Creating space
A single word of advice, given to all startups, and to CEOs of large companies, and they in turn to their teams:
“Focus!”
But what does that mean, precisely? And anyway isn’t quantity sometimes in fact better than quality? Don’t we need to test a bunch of stuff instead of trying to make one thing work?
Only when we stop doing most things, do we have the time and energy to fully, deeply execute the most important things. And the important things are the difference between thriving and perishing.
“I saw myself sitting in the crotch of this fig tree, starving to death, just because I couldn’t make up my mind which of the figs I would choose.
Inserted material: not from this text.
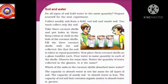How do we do this experiment? First, we have to take three coconut shells and put holes in them, then keep cotton or cloth in the hole of the coconut shells. Then we have to fill the three coconut shells with soil — that is muddy soil, red soil, and sandy soil — taking the soil in equal quantities in the three coconut shells.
I wanted each and every one of them, but choosing one meant losing all the rest, and, as I sat there, unable to decide, the figs began to wrinkle and go black, and, one by one, they plopped to the ground at my feet.”
—Sylvia Plath, The Bell Jar
When you stop trying to sell people who aren’t a good fit, you create space for 3x more sales pitches, each with 3x the close-rate.
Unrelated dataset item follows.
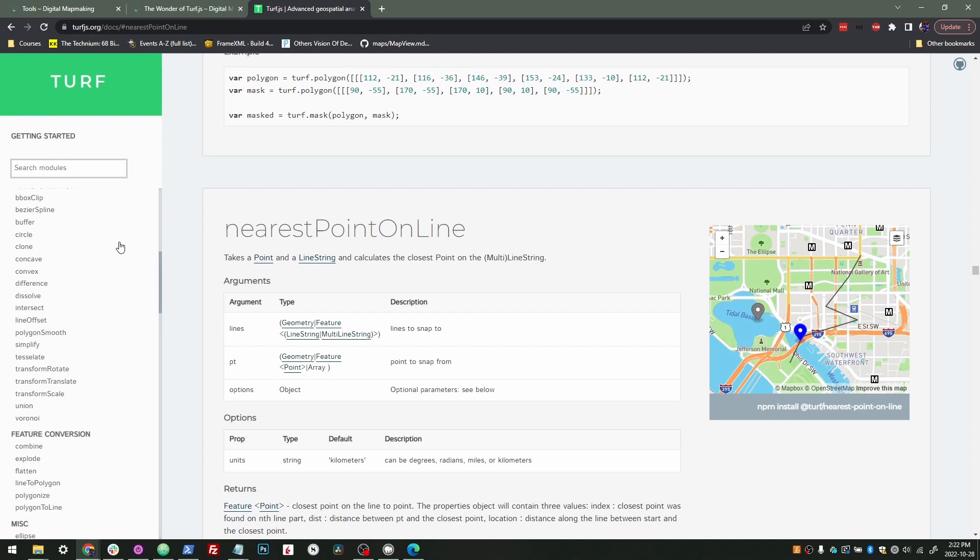So that's my little spiel on Turf. Like I said, we'll probably have a whole course on this at some point, but it's really a great tool and I hope you use it.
When you help draining customers exit the business, you create space to spend time with easy, happy ones, who want to spend more every year while giving you positive energy.
When you stop trying to win over everyone, you create space to win over the right ones.
When you stop trying to shore up every weakness, you create space to leverage your strengths.
When you stop trying to schedule all work, you create space for impactful work.
When you stop trying to do everything in a novel way (UX, coding, pricing, org structure), you create space for a few truly impactful modes of differentiation.
When you stop using lazy, generic words in marketing, you create space on the page to communicate what you actually do, or who you actually are, or why anyone should care.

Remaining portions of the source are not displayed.